Pristimantis scopaeus is a species of frog in the family Strabomantidae. It is endemic to Colombia and occurs in the Cordillera Central in the Tolima and Quindío Departments. Pristimantis scopaeus is a dwarf species: adult males in the type series were first mistaken for juveniles of Pristimantis simoteriscus, which itself already is a small species. The specific name scopaeus is Latinization of the Greek skopaios, meaning "dwarf".

==Description==
Adult males measure 15.3 to 16.7 mm in snout–vent length. The snout is subacuminate in dorsal view. No tympanum is visible. Skin of the dorsum is nearly smooth. The dorso-lateral folds are ill-defined. The flanks and venter are coarsely areolate. The fingers have lateral keels and small discs as well as ventral pads. The toes have no webbing, lateral keels, nor discs but have ventral pads. In preserved specimens, the dorsum is brown, with most specimens having slightly darker mottling. The canthal–supra-tympanic stripe is dark brown, and labial bar runs just in front of eye. A living specimen was pale brown with black dorso-lateral spots, black heels and elbows, and with dark brown transverse line on thighs and shanks.

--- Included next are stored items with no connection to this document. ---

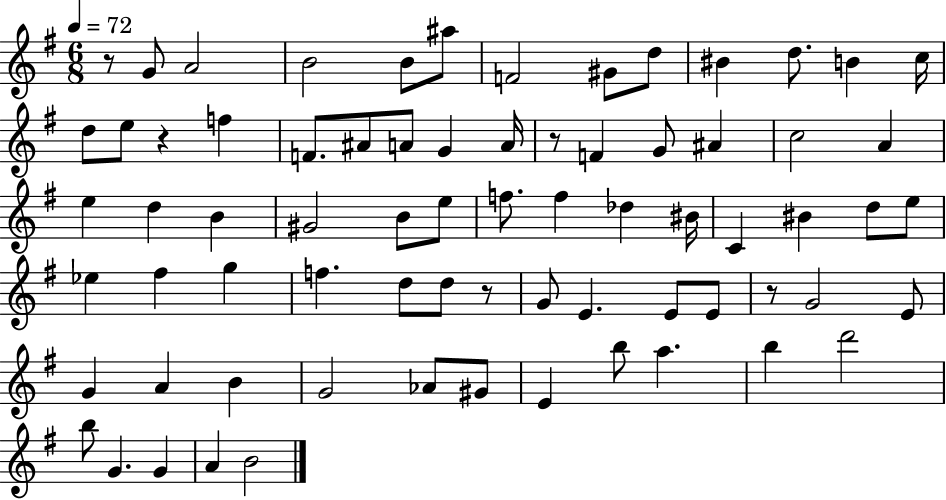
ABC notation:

X:1
T:Untitled
M:6/8
L:1/4
K:G
z/2 G/2 A2 B2 B/2 ^a/2 F2 ^G/2 d/2 ^B d/2 B c/4 d/2 e/2 z f F/2 ^A/2 A/2 G A/4 z/2 F G/2 ^A c2 A e d B ^G2 B/2 e/2 f/2 f _d ^B/4 C ^B d/2 e/2 _e ^f g f d/2 d/2 z/2 G/2 E E/2 E/2 z/2 G2 E/2 G A B G2 _A/2 ^G/2 E b/2 a b d'2 b/2 G G A B2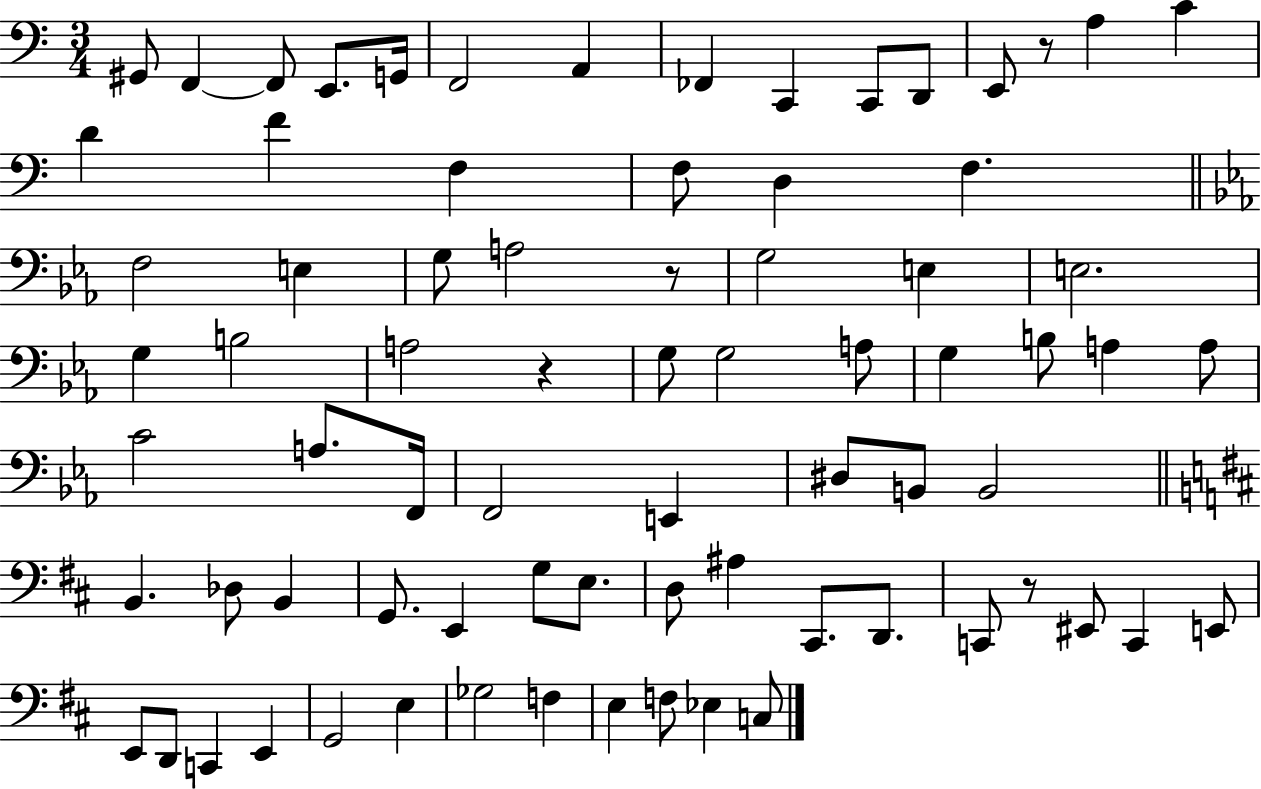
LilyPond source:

{
  \clef bass
  \numericTimeSignature
  \time 3/4
  \key c \major
  gis,8 f,4~~ f,8 e,8. g,16 | f,2 a,4 | fes,4 c,4 c,8 d,8 | e,8 r8 a4 c'4 | \break d'4 f'4 f4 | f8 d4 f4. | \bar "||" \break \key c \minor f2 e4 | g8 a2 r8 | g2 e4 | e2. | \break g4 b2 | a2 r4 | g8 g2 a8 | g4 b8 a4 a8 | \break c'2 a8. f,16 | f,2 e,4 | dis8 b,8 b,2 | \bar "||" \break \key d \major b,4. des8 b,4 | g,8. e,4 g8 e8. | d8 ais4 cis,8. d,8. | c,8 r8 eis,8 c,4 e,8 | \break e,8 d,8 c,4 e,4 | g,2 e4 | ges2 f4 | e4 f8 ees4 c8 | \break \bar "|."
}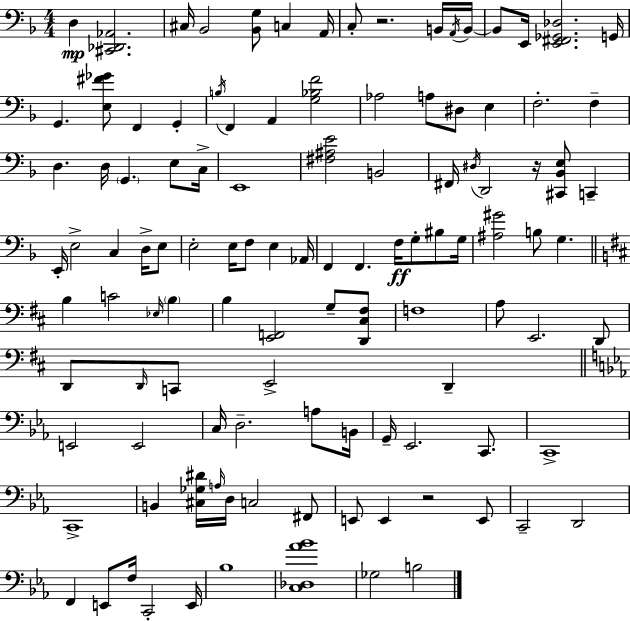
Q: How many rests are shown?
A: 3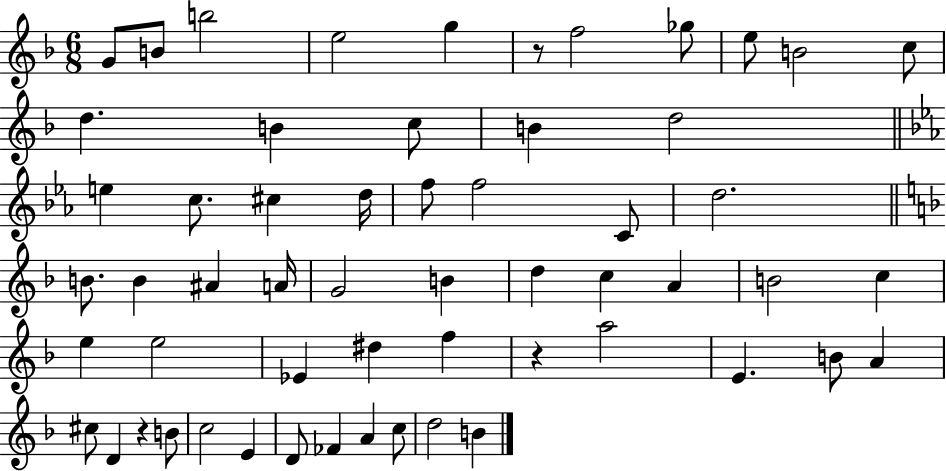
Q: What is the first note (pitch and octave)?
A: G4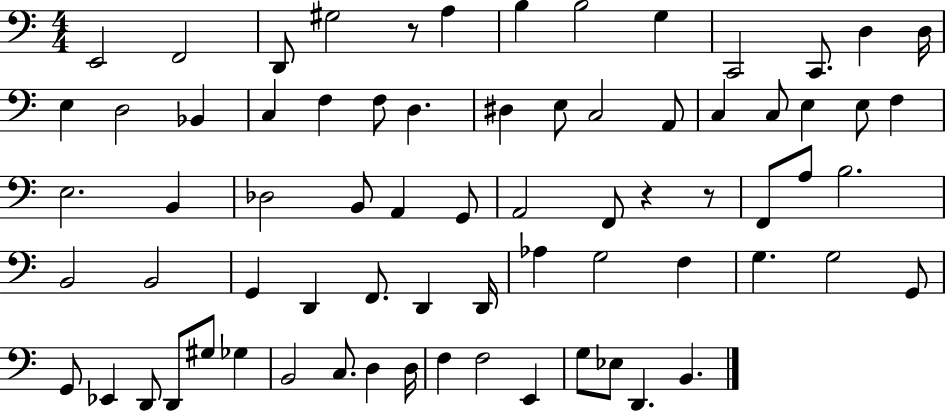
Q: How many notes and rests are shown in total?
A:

==Habitat and conservation==
Pristimantis scopaeus usually occurs in sub-páramo and páramo habitats at elevations of 3400–3680 m above sea level but has also been recorded from pastureland. It is a species that is threatened by habitat loss caused by agriculture activities and cattle grazing, in particular burning of the habitat to facilitate growth of grasses. It is not known to occur in any protected areas.